Two against one. What the kid wanted didn't count. For months I ranted, sulked and threw things around my room. On purpose I flunked two courses. I ran away for three days. We moved anyway. And now, here I was in the back yard, Zack Lane, Canine Feces Remover.
Chapter 2 I knew from the sour smell that Jenkins had sneaked up behind me just as the download was completed, and that he had seen me eject the diskette and slip it into my shirt pocket.
"Let's have it, Zack," he commanded, his voice betraying a hint of triumph.
I clicked the mouse and blanked the screen. "Um, what's wrong, sir?"
"You know what."
"It's just my own personal disk," I said. "It's, you know, confidential."
"Nice try."
"I can explain."
"I'm not interested. Let's have it."
I took the diskette out of my pocket and passed it back over my shoulder.
"Stick around at the end of the period."
Outside the dirty window of the computer lab on the second floor of the school a fine rain fell out of a low grey sky.

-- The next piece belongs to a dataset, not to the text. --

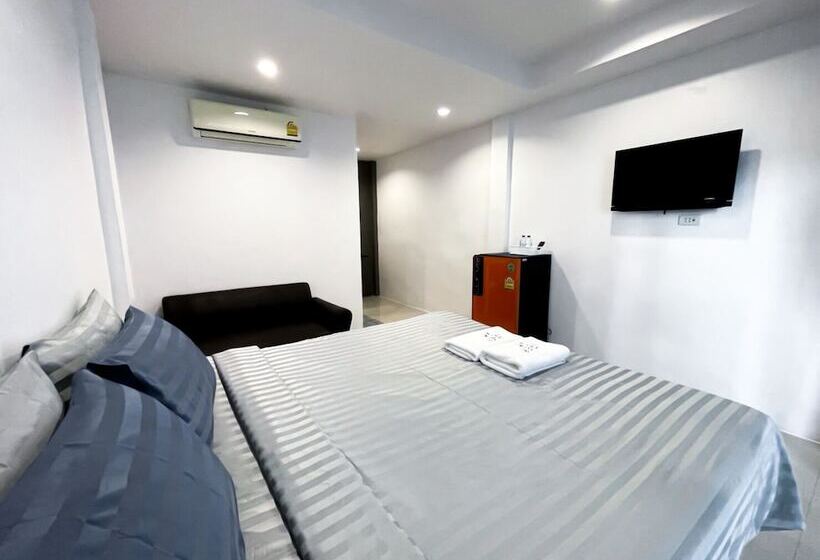 호텔 The Seathru Kohlarn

Our geography class had spent the last hour pulling down weather maps from some satellite or other so we could watch bright green meteorological patterns flowing amoeba-like across the blue map on our screens. That is, most of us had. On one side of me a skinny guy who had just returned from a three-day suspension was painting hearts with initials in them on his binder with white correction fluid. On the other, a girl sporting purple hyper-extended false fingernails urgently explained to her friend why she "absolutely hated" her own hair.
I already knew it was raining so I connected to the Internet and surfed for certain information I was after. It had taken me most of the period to find some good stuff, almost oblivious to the clickety click of keyboards and mice and the hum of conversation.
Going "off task" hadn't been difficult because Jenkins had spent most of the period with his sleeves rolled up, hunched over his cluttered desk marking tests and pumping out the b.o. Short, rotund and an early victim of pattern baldness, he was best known for the stale body odour that enveloped him like a damp fog.
As my classmates filed out of the room, some casting curious glances my way, Jenkins tightened the tie he had worn for five days running and slipped on an old tweed jacket.
"Meet me in Ms. O'Neil's office after last class, Zack. And bring your computer-use contract with you."
An hour and a half later I plowed through the noisy chaos of the halls to the principal's office, more irritated than worried. O'Neil would probably give me a reprimand and revoke my computer privileges. Unauthorized downloads were treated seriously by the school. I didn't blame them. There was all sorts of disgusting crap available on the Net and the school didn't want us finding, seeing or downloading it and corrupting ourselves. If you got caught, you'd lose your login and could only use computers for word-processing and spreadsheets and stuff-unless you had a friend who would let you use his login, which I didn't. The truth was that the school had about as much success controlling Net access as it did preventing the drug trade.